[Saved data entries]
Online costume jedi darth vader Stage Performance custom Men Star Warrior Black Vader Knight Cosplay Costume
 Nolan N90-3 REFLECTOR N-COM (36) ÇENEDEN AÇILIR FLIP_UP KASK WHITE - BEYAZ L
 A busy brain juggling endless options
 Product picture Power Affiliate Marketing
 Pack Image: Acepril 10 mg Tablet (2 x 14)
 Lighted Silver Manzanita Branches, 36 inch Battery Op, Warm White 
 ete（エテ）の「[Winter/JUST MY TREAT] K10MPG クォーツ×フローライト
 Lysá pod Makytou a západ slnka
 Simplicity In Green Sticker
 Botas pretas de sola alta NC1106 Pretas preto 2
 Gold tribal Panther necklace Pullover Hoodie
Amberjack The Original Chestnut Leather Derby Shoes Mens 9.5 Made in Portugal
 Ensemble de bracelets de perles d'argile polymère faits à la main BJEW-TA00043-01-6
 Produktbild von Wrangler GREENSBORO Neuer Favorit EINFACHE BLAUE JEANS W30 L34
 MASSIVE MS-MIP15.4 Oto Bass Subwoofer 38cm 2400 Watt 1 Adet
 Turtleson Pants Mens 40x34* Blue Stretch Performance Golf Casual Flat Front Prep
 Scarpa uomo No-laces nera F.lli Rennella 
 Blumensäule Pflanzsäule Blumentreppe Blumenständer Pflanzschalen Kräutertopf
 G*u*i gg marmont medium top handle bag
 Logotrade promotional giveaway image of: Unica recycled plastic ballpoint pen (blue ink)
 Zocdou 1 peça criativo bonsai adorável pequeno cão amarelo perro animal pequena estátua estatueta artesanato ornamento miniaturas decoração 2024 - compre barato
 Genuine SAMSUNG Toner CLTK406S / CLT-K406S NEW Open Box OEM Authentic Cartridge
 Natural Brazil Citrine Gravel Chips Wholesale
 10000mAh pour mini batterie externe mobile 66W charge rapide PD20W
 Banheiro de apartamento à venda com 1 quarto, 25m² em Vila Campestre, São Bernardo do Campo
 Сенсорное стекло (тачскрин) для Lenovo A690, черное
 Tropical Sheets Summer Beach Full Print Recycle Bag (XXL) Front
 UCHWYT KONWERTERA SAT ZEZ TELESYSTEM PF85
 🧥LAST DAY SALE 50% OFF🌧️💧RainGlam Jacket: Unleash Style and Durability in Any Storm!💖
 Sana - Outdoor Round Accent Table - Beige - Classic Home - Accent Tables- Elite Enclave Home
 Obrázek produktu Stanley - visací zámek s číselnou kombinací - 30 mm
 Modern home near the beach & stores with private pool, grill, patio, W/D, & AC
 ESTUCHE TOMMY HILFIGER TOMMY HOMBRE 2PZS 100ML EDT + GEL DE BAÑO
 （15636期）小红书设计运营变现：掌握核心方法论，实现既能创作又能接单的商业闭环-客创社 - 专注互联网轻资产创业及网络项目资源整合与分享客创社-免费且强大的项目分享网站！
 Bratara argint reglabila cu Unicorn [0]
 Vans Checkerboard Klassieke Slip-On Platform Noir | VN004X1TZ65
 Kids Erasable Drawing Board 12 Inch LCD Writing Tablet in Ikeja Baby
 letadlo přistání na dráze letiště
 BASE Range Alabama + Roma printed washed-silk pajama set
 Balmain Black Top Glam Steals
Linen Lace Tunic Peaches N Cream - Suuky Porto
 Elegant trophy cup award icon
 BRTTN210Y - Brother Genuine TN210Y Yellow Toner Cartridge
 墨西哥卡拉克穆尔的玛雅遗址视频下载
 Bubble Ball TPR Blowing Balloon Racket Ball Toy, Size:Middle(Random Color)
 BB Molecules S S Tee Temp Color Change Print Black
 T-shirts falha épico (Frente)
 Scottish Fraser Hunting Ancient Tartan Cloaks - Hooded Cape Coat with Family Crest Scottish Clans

• Exercise: Word for word, restate the lines of the data above that fall between the line holding "A busy brain juggling endless options" and the line holding "Botas pretas de", inclusive, and no other lines.

• The answer:
 A busy brain juggling endless options
 Product picture Power Affiliate Marketing
 Pack Image: Acepril 10 mg Tablet (2 x 14)
 Lighted Silver Manzanita Branches, 36 inch Battery Op, Warm White 
 ete（エテ）の「[Winter/JUST MY TREAT] K10MPG クォーツ×フローライト
 Lysá pod Makytou a západ slnka
 Simplicity In Green Sticker
 Botas pretas de sola alta NC1106 Pretas preto 2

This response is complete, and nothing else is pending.